* _What to work on_: Please retype, character for character, the portion of the entries below that runs from the line containing "map of restaurants, bars, coffee" to the last line.

(Short web captions)
/---

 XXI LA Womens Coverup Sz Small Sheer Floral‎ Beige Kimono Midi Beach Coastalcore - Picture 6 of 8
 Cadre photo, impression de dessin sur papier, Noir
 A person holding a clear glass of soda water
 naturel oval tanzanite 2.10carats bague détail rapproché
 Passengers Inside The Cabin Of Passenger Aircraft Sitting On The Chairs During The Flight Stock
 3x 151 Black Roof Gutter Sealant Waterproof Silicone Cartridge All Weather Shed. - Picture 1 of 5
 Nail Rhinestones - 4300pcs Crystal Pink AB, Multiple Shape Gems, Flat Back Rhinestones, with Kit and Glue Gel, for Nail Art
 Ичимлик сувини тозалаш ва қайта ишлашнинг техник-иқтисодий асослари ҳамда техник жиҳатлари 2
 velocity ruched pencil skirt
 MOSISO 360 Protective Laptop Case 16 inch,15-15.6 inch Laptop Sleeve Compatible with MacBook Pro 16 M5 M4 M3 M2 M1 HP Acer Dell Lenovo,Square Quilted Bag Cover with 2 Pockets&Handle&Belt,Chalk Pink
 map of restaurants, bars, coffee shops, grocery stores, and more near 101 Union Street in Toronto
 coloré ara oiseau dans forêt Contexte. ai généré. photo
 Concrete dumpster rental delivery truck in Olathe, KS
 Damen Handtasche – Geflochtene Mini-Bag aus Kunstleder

\---

* _Answer to the exercise_:
 map of restaurants, bars, coffee shops, grocery stores, and more near 101 Union Street in Toronto
 coloré ara oiseau dans forêt Contexte. ai généré. photo
 Concrete dumpster rental delivery truck in Olathe, KS
 Damen Handtasche – Geflochtene Mini-Bag aus Kunstleder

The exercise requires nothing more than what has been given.